DinoflagellatenDioecisch

Dinoflagellaten

= wervelende zweepdiertjes.

Groep van ➛flagellaten met een karakteristieke, spiralende beweging.

Diódia

= (langs het) pad.

Geslacht van moerasplanten met ten minste 20 soorten uit de familie van de ➛Rubiaceae.

Kleine kruidachtige planten en enkele struiken met opgaande, ronde of vierkante stengels waaraan tegenoverstaande, ➛sessiele bladeren, soms met een korte steel. In de bladoksels soms korte zijscheuten (kortloten) met twee bladeren. De meestal viertallige bloemen eveneens zittend in de bladoksels, of aan het eind van de stengel, wit, roze of lichtpaars. Kroonbladeren aan de binnenzijde deels behaard.

Verspreiding van Noord- tot en met Zuid-Amerika inclusief de Caraïben en Afrika, altijd op vochtige grond.

Enkele soorten zijn redelijk geschikt gebleken voor gebruik in het aquarium maar nog niet erg bekend.

kúntzei

Schumann 1888

Diodia kuntzei
Diodia kuntzei
Afkomstig uit Zuid-Amerika, met het noorden van Argentinië als zuidelijkste punt.

Groeiwijze als vermeld bij het geslacht.
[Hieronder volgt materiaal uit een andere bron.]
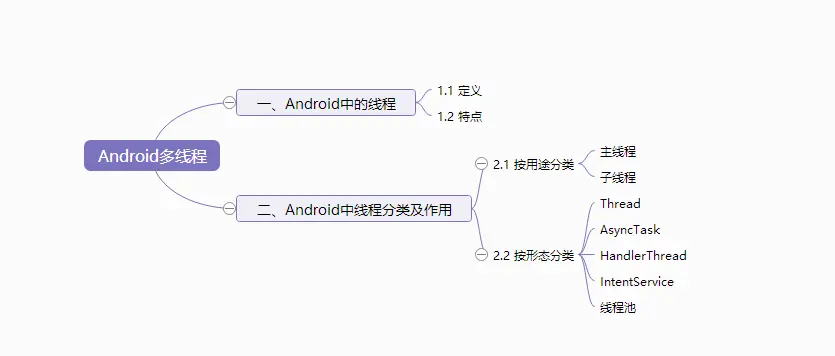 android 多线程 执行 其他线程等待 android多线程机制_Android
Smal elliptische bladeren, licht neergebogen, aan de top rood kleurend bij voldoende licht. Bloemen wit.

Hoogte tot 50 cm, breedte tot 8 cm.

De plant verdraagt weinig tot veel licht. CO₂ helpt, maar kan ook zonder. Wortelt sterk.

Te vermeerderen door afnemen van zijscheuten, bijvoorbeeld door na het ➛toppen de oude stengel te laten staan.

Geschikt voor aquaria vanaf 30 liter.

Temperatuur: 20 tot 30° C

pH: 5-7   dH: 0-12   fH: 0-21   ppm: 0-200

Wordt ook wel aangeboden als Hygrophila sp. 'Pantanal'.